The Magnificent Defeat (1966)


Book Description

In his debut sermon collection, Frederick Buechner explores an array of fascinating topics, from reflections on the incarnation, birth, life, death, and resurrection of Christ, to examinations of what it means to be childlike, saintlike, and a disciple.

Written and delivered while Buechner was chaplain at the Phillips Exeter Academy, many of the sermons are an apologia for Christianity: ‘My job’, he writes of that time in Now and Then (1983), ‘was to defend the Christian faith against its “cultured despisers”, […] to present the faith as appealingly, honestly, relevantly, and skillfully as I could.’ In sermons such as ‘The Triumph of Love’, the reader catches glimpses of the themes that would become central to Buechner’s life and work:

 

[T]he storyteller's claim, I believe, is that life has meaning – that the things that happen to people happen not just by accident like leaves being blown off a tree by the wind but that there is order and purpose deep down behind them or inside them and that they are leading us not just anywhere but somewhere. The power of stories is that they are telling us that life adds up somehow, that life itself is like a story.

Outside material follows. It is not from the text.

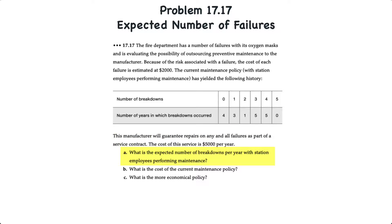We have three requirements for this problem: first, to determine the expected number of breakdowns per year with station employees performing the maintenance; second, to determine the cost of the current maintenance policy; and third, to discuss which is the more economical policy.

And this grips us and fascinates us because of the feeling it gives us that if there is meaning in any life – in Hamlet's, in Mary's, in Christ's – then there is meaning also in our lives. And if this is true, it is of enormous significance in itself, and it makes us listen to the storyteller with great intensity because in this way all his stories are about us and because it is always possible that he may give us some clue as to what the meaning of our lives is.

  

Reviews

"One of today’s most powerful writers on religious themes here offers meditations on key passages of the Old and New Testaments that fuse “rhythmic style, rich imagery, forthright biblical exegesis [and] bring to mind the meditative work of J. B. Phillips and C. S. Lewis."

Presbyterian Life


"Here is prose so beautifully written that it verges on poetry. Yet The Magnificent Defeat wrestles with sweaty contemporary problems, including the problem of those who want to believe and can’t."

United Press International

"These are powerful sermons, designed for the skeptical and inquiring, no less than for the devout."

Choice


"Combines high writing skill with a profound understanding of Christian essentials."